Toplumcu Düşünce Enstitüsü henüz bir yaşında yepyeni bir düşünce kuruluşu. Sosyal demokrasi ilkelerini benimseyen kuruluşun başkanı Yardımcı Doç. Dr. Nebil İlseven. İlseven kısa bir dönem CHP İstanbul İl Başkanlığı’nı yürütmüştü. Türkiye’nin bugünkü tablosuna baktığında iki önemli kırılma noktasına dikkat çekiyor. “Ekonomideki borç yükü üzerine kırılganlıkla, çizgileri kalınlaştırarak demokratik çözüme varmaya çalışmak ve dayatmalar önümüzdeki dönemde çok ciddi faktörler olarak ortaya çıkacak” diyor.
- Toplumcu Düşünce Enstitüsü nasıl oluştu?
N.İ.- Ben 1980’li yılların sonunda SHP’ye yakın olan TÜSES Vakfı’nın özellikle savunma ve dış politika çalışma gruplarında görev almıştım. Daha sonra TÜSES’in üç dönem yönetim kurulu üyeliğini yaptım. Ayrıca yine o dönemde kurulmuş olan SODEV’in de hâlâ üyesiyim.
O dönem hem TÜSES hem SODEV’de siyaseti besleyen, siyaseti farklı bir düzeyde anlamaya çalışan ve siyasetin geleceğine yönelik olarak farklı yaklaşımların oluşturulması fikrini uygulamaya koymaya çalışıyorduk.

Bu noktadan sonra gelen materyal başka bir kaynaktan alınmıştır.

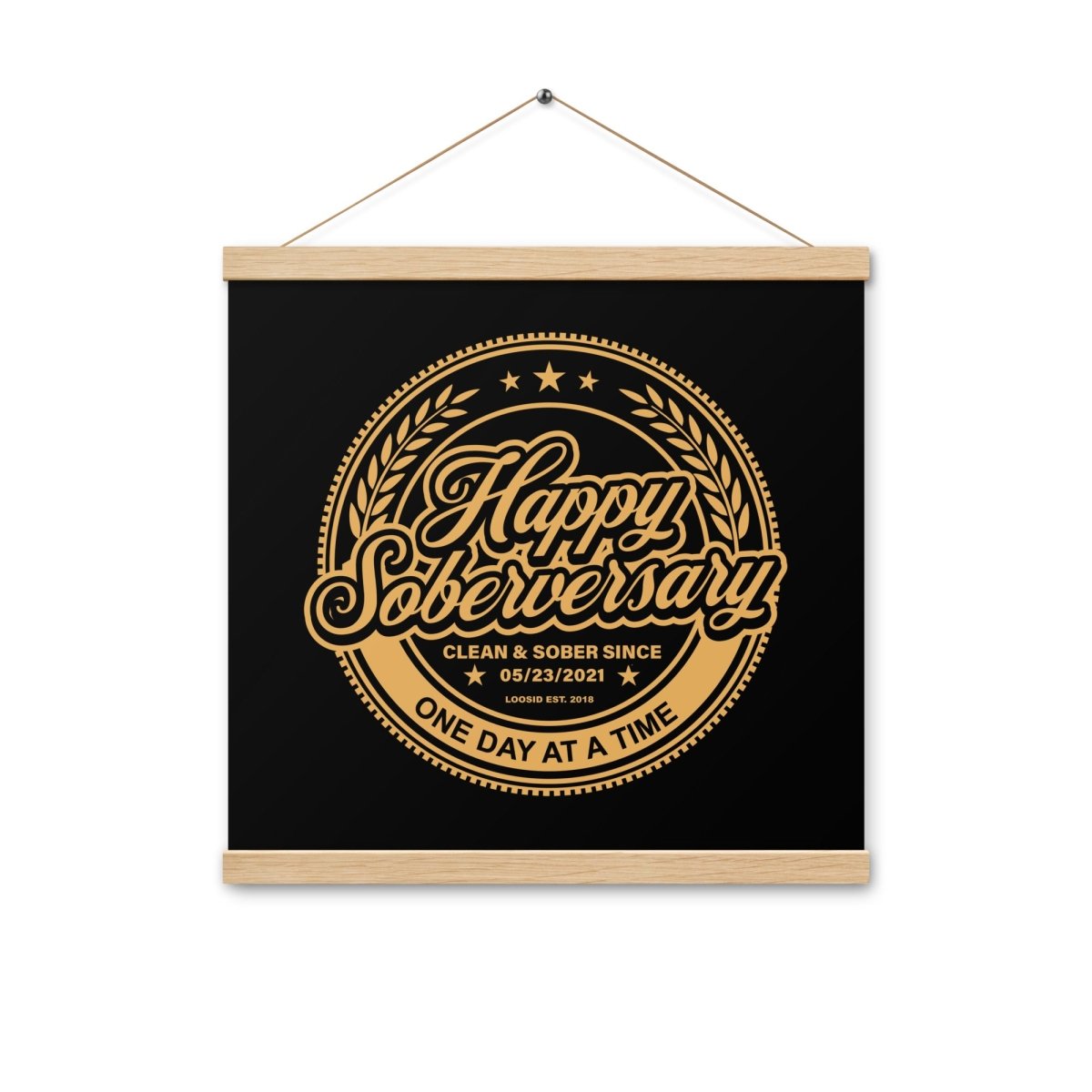 Black Happy Soberversary Poster with Hanger Sobriety Art lifestyle view (view 5)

Ben, daha önce Washington merkezli Center for Strategic and International Studies (CSIS) isimli düşünce kuruluşundaki çalışmalarımdan edindiğim deneyimlerle burada neler yaparım arayışı içindeydim. Biz arkadaşlarımızla bunu paylaşıyorduk.
Benim CHP’yle son temasım İstanbul İl Başkanlığımda oldu. Ondan sonra siyasetin farklı bir şekilde kavranması, farklı biçimde yeniden şekillendirilmesi ve topluma bir umut ve hedef olarak tekrar sunulması için partide olduğu kadar ama çok daha fazlasıyla da parti dışında gerçekleştirmemiz ve katkıda bulunmamız gerektiğini gördüm. Düşünce tankı, düşünce üretimi yaklaşımıyla konulara yaklaşmamız gerektiğini düşünen arkadaşlarımız çalışmalarımızı sivil toplum örgütlenmesi çerçevesi içinde yapmamızın uygun olacağını düşündük. Bunu da Toplumcu Düşünce Enstitüsü olarak 2012’de şekillendirmeye başladık.
2013’te ilk kuruluş faaliyetlerimizi tamamladık. Bu arada farklı toplumsal gelişmeler, özellikle de Gezi olayları bu çalışmalarımızı yavaşlattı. Ama 2013 sonu itibarıyla bütün altyapımızı oluşturduk. Artık uygulama aşamasına geldik. Bizim düşüncemiz siyaseti farklı biçimde kavrayalım, farklı alanlarını projelendirelim ve bu projeleri topluma sunalım doğrultusundaydı.
- Siyasi partiyi bu şekilde parti dışı çalışmayla beslemek Batı dünyasında çok yaygın değil mi?
N.İ.- Biz özünde düşünce kuruluşu olarak çalışmalarımızı yapıp daha geniş bir kitleye bunu sunabilmek amacındayız. Yurtdışında bu tip kuruluşlar çok yaygın. Kıta Avrupası ülkelerinde bu çalışmalar resmi olarak siyasi partilerle birlikte yapılıyor. Avrupa geleneği bunu siyasetin organik bir parçası kabul ediyor.
Ama Anglosakson geleneğine baktığınızda orada bu çalışmalar daha rekabetçi ve daha bağımsız, siyasetten beslenen ve siyasete katkı sunan formatlar da içinde. Ama siyasetin organik bir parçası, siyasetle özdeşleşen bir yapı içinde değil. Düşünce kuruluşu mantığını kendi bağımsız akışı içinde yürüten bir formatta yapıyor.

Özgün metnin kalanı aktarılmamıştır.